Segment Start: Task data
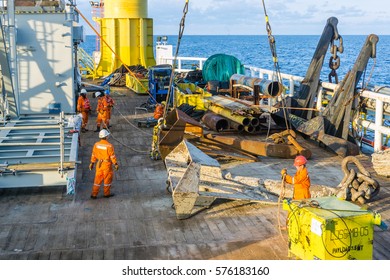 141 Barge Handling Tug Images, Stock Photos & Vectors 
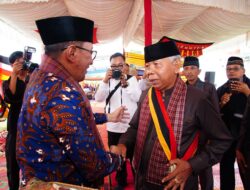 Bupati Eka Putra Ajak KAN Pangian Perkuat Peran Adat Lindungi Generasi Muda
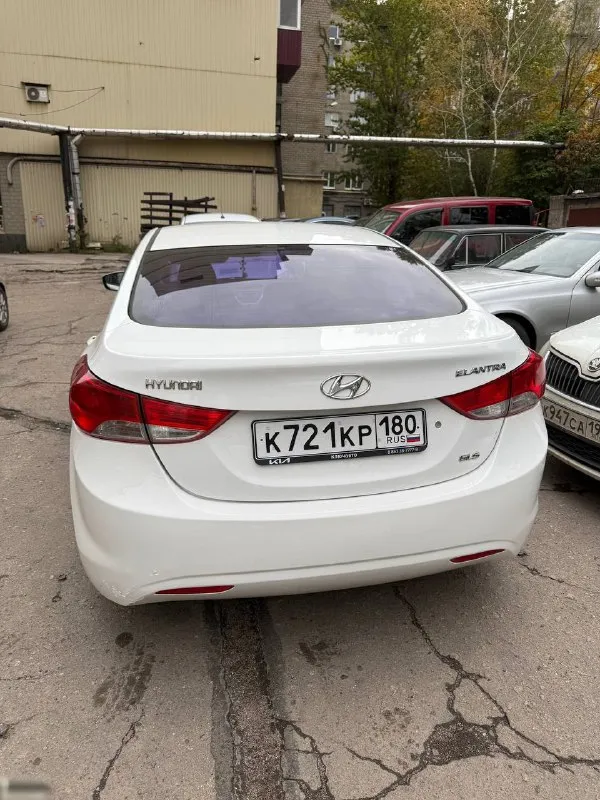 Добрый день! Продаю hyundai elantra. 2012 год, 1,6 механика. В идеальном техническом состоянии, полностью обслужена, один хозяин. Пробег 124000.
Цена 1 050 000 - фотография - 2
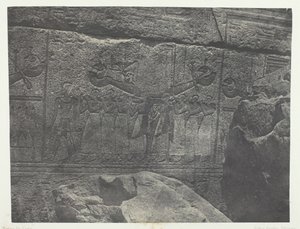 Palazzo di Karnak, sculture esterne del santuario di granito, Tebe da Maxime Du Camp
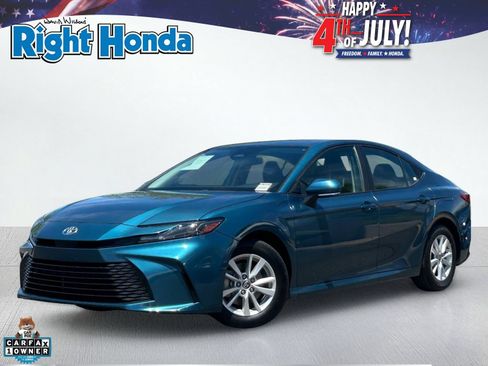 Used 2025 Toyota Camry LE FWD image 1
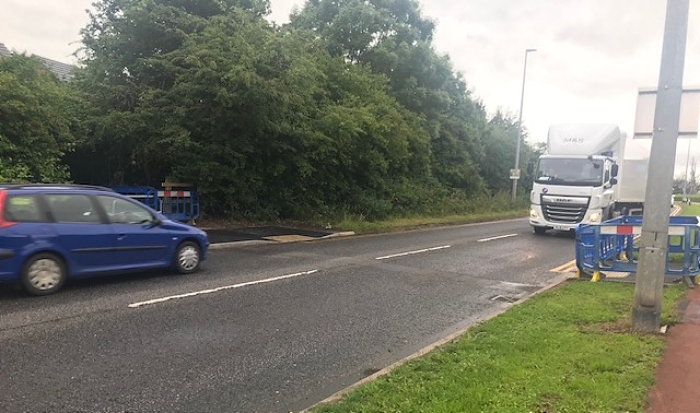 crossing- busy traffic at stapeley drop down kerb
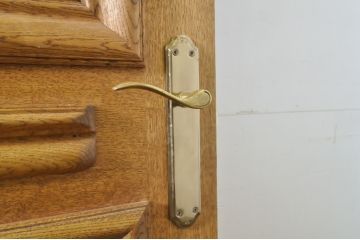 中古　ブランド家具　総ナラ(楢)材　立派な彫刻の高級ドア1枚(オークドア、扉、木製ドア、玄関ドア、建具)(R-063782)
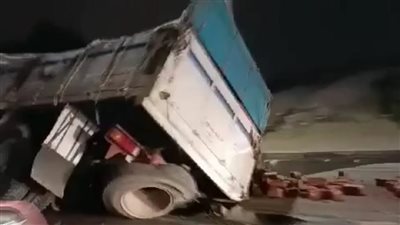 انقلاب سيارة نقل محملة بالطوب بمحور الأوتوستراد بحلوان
Segment End: Task data
**Work to complete:** Your response must reproduce every line of the data exactly, with images omitted.

**Result for this task:**
 141 Barge Handling Tug Images, Stock Photos & Vectors 
 Bupati Eka Putra Ajak KAN Pangian Perkuat Peran Adat Lindungi Generasi Muda
 Добрый день! Продаю hyundai elantra. 2012 год, 1,6 механика. В идеальном техническом состоянии, полностью обслужена, один хозяин. Пробег 124000.
Цена 1 050 000 - фотография - 2
 Palazzo di Karnak, sculture esterne del santuario di granito, Tebe da Maxime Du Camp
 Used 2025 Toyota Camry LE FWD image 1
 crossing- busy traffic at stapeley drop down kerb
 中古　ブランド家具　総ナラ(楢)材　立派な彫刻の高級ドア1枚(オークドア、扉、木製ドア、玄関ドア、建具)(R-063782)
 انقلاب سيارة نقل محملة بالطوب بمحور الأوتوستراد بحلوان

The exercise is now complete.